::: DATA :::

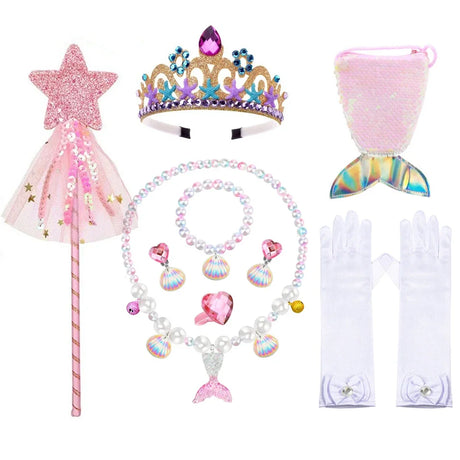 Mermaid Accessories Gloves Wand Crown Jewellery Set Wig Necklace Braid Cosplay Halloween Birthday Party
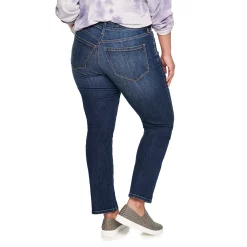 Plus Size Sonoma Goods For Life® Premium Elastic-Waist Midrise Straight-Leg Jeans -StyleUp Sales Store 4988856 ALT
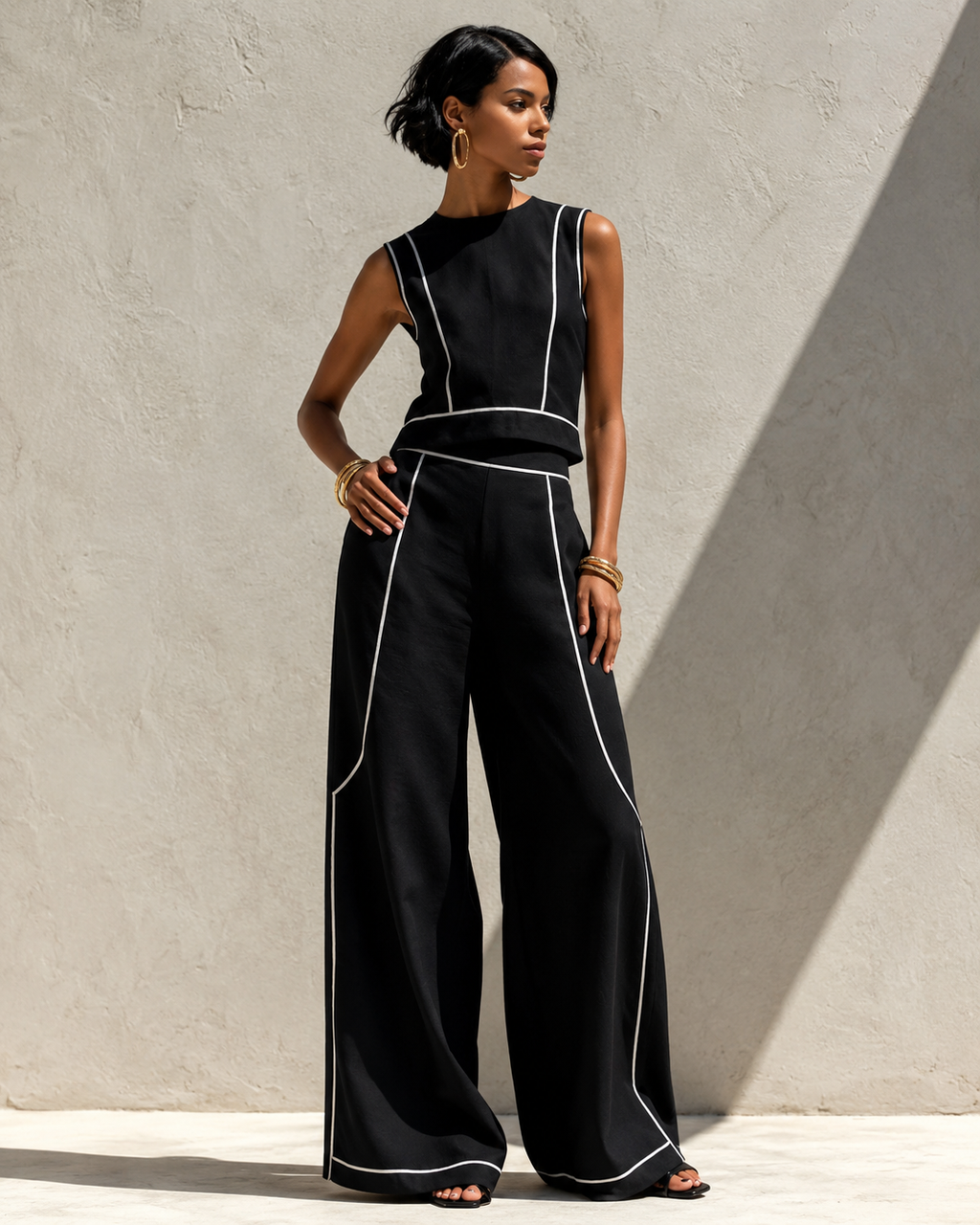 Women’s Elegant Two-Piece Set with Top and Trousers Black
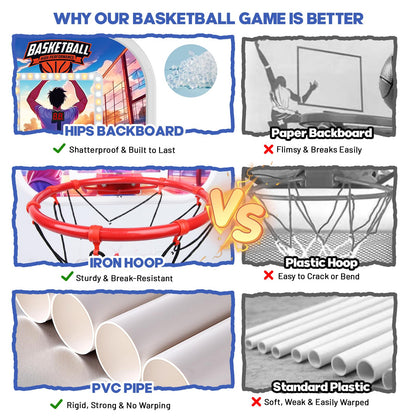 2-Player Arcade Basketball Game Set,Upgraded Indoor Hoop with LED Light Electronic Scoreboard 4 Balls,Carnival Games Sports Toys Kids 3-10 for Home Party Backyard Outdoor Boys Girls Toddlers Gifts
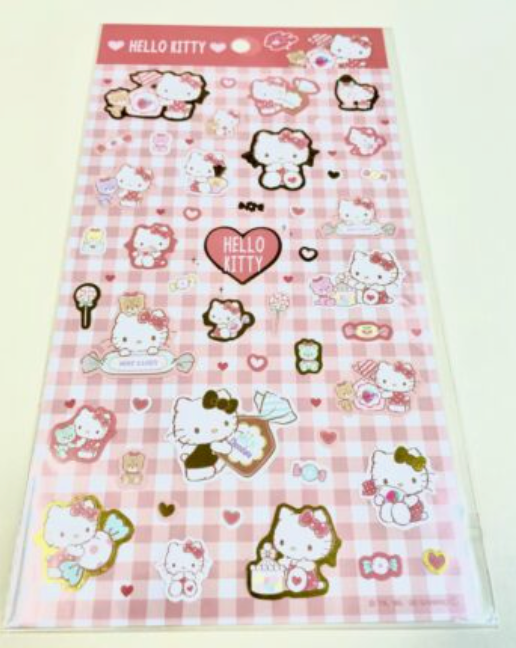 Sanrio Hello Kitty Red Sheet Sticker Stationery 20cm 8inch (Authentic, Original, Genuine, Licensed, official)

:::

• **WHAT THE TASK REQUIRES**:
Give the data above again in full and unchanged, skipping the pictures.

• **TASK ANSWER**:
 Mermaid Accessories Gloves Wand Crown Jewellery Set Wig Necklace Braid Cosplay Halloween Birthday Party
 Plus Size Sonoma Goods For Life® Premium Elastic-Waist Midrise Straight-Leg Jeans -StyleUp Sales Store 4988856 ALT
 Women’s Elegant Two-Piece Set with Top and Trousers Black
 2-Player Arcade Basketball Game Set,Upgraded Indoor Hoop with LED Light Electronic Scoreboard 4 Balls,Carnival Games Sports Toys Kids 3-10 for Home Party Backyard Outdoor Boys Girls Toddlers Gifts
 Sanrio Hello Kitty Red Sheet Sticker Stationery 20cm 8inch (Authentic, Original, Genuine, Licensed, official)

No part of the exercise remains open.